I love how they use the nucspeak word “influenced” instead of degraded in this excerpt (It also has a nice example of this is how a high paid "nucular” scientist say, “I really don’t know”)

“Although the calculations shown here are based on the experiment findings from the various test programs, these tests were all small relative to plant conditions. At plant scale, the cooling efficiency could be influenced or improved by other phenomena which could be masked at the scale of these tests.”
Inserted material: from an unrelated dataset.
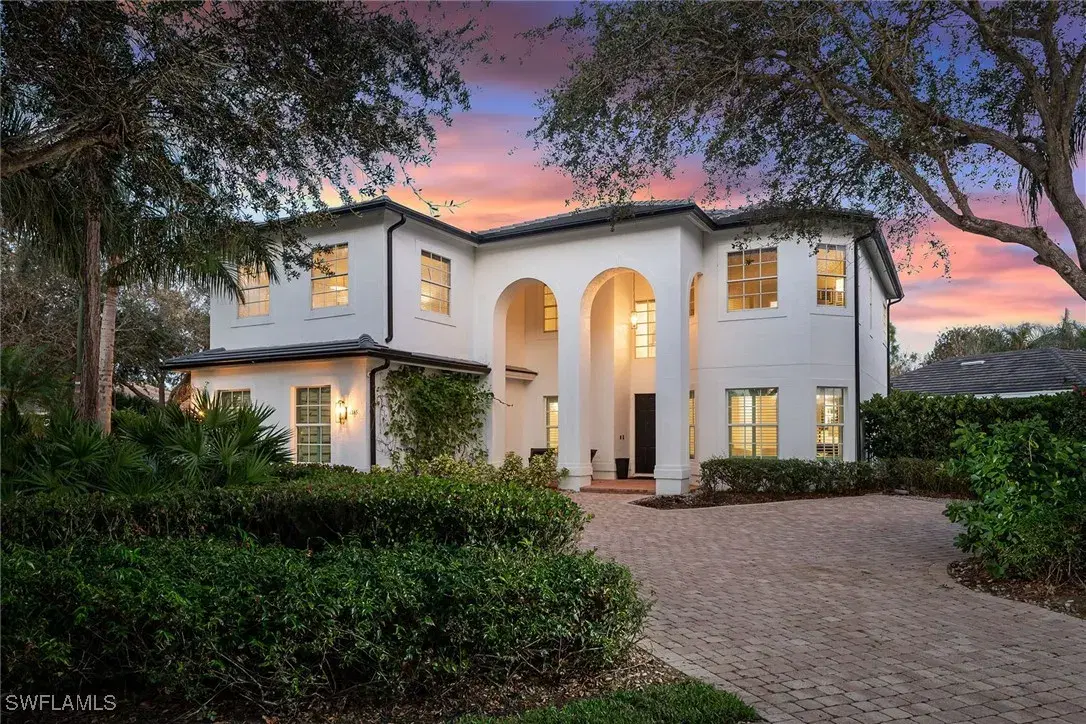 Picture of 7165 Mill Run Cir, Naples, FL 34109
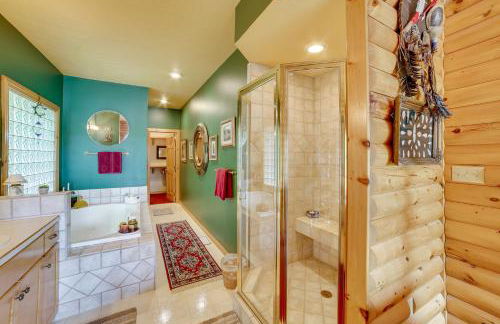 Decks and Views Spacious Cabin Near Table Rock Lake - Foto 16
The “should be coolable” as a conclusion doesn’t really make me feel warm or fuzzy so I’m thinking the deeper/siliceous part is bad. This really seems like a round-a-bout way of saying, “We want to prove our critics wrong and unfortunately after extensive research over the last 20 years we couldn’t”. They should have listed all the “siliceous” reactors in service around the world.

“The primary objective of R&D efforts in the area of ex-vessel corium coolability has been to demonstrate through a combination of experiments and analysis that core melt interacting with concrete can be quenched and rendered coolable over a wide range of conditions. Unfortunately, this has been an extremely difficult objective to achieve. Results to date indicate that modestly deep (i.e., < 40 cm) core melt pools interacting with LCS concrete should be coolable. However, for deeper melts, or for melts interacting with siliceous concrete, the same conclusion cannot be drawn”

Anonymous said...


"we cannot prove that water cooling makes it impossible for corium to end up in the ground".

Anonymous said...

L'amateur de thé

Va bene, laprimavera.

Anonymous said...

@ Robbie,

".. for melts interacting with siliceous concrete, the same conclusion cannot be drawn”

I mean, is there really any other type of concrete commonly used than silica-containing concrete?